Wszystko zaczęło się od zeznań w "De Volkskrant". Wychowanek Vitesse, dziś 33-letni Renald Majoor, zdradził dziennikarzom, że na początku swojej przygody z piłką padł ofiarą molestowania seksualnego. Stało się to latem 1996 roku, a czynu dopuścił się jego ówczesny trener - niejaki Andre Z. Choć chłopiec zgłosił sprawę w klubie, jedyną konsekwencją, jaka spotkała pedofila, było sześciotygodniowe zawieszenie. Potem jak gdyby nigdy nic wrócił do pracy z dziećmi. Jego grzechy trzymano w tajemnicy.
Sytuacja odbiła się na całym dorosłym życiu Majoora. W wieku 18 lat porzucił grę w piłkę i marzenia o wielkiej karierze. Powodem były problemy psychiczne. Dziś w końcu odważył się mówić, a jego zeznania dodały odwagi innym. Wkrótce po publikacji materiału w "De Volkskrant", do redakcji zgłosił się inny były zawodnik - tym razem z PSV. Mężczyzna pragnął zachować anonimowość, ale zdradził, że w latach 60., gdy miał osiem lat, on także padł ofiarą molestowania przez swojego trenera. - Bardzo możliwe, że wielu innych młodych piłkarzy również było molestowanych - wyznał.
Chyba nie trzeba tłumaczyć, w jak wielkim szoku jest teraz Holandia.

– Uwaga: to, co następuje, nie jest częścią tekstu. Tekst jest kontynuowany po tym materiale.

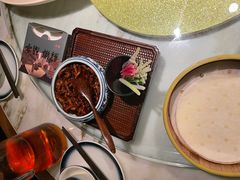 -苏乡兰亭·新派淮扬菜(吾悦广场店)
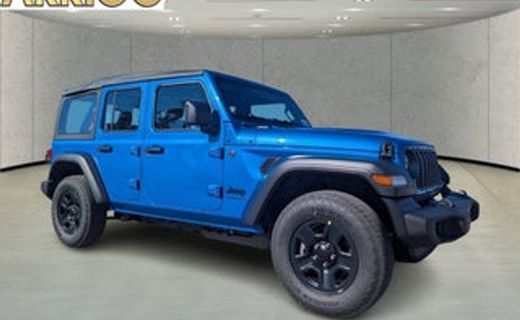 2026 Lexus UX 300H
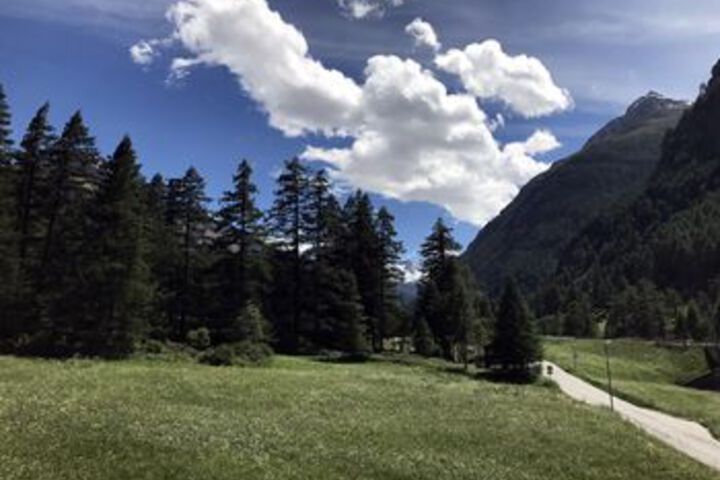 Spa and Wellness Pictures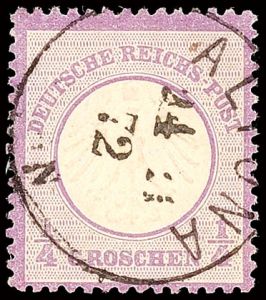 Lot 2361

Zeznania byłych zawodników uderzyły w tamtejszy futbol jak grom z jasnego nieba. Sprawę bardzo poważnie potraktowała również federacja - działacze zaapelowali o to, by wszyscy zawodnicy, którzy kiedykolwiek padli w klubie ofiarą pedofilii, zgłosili się czym prędzej na policję. W obu wymienionych przypadkach ruszyły już bowiem śledztwa. Na razie wiadomo tylko, że Andre Z. nie odpowie za swoje czyny - zmarł w 2011 roku.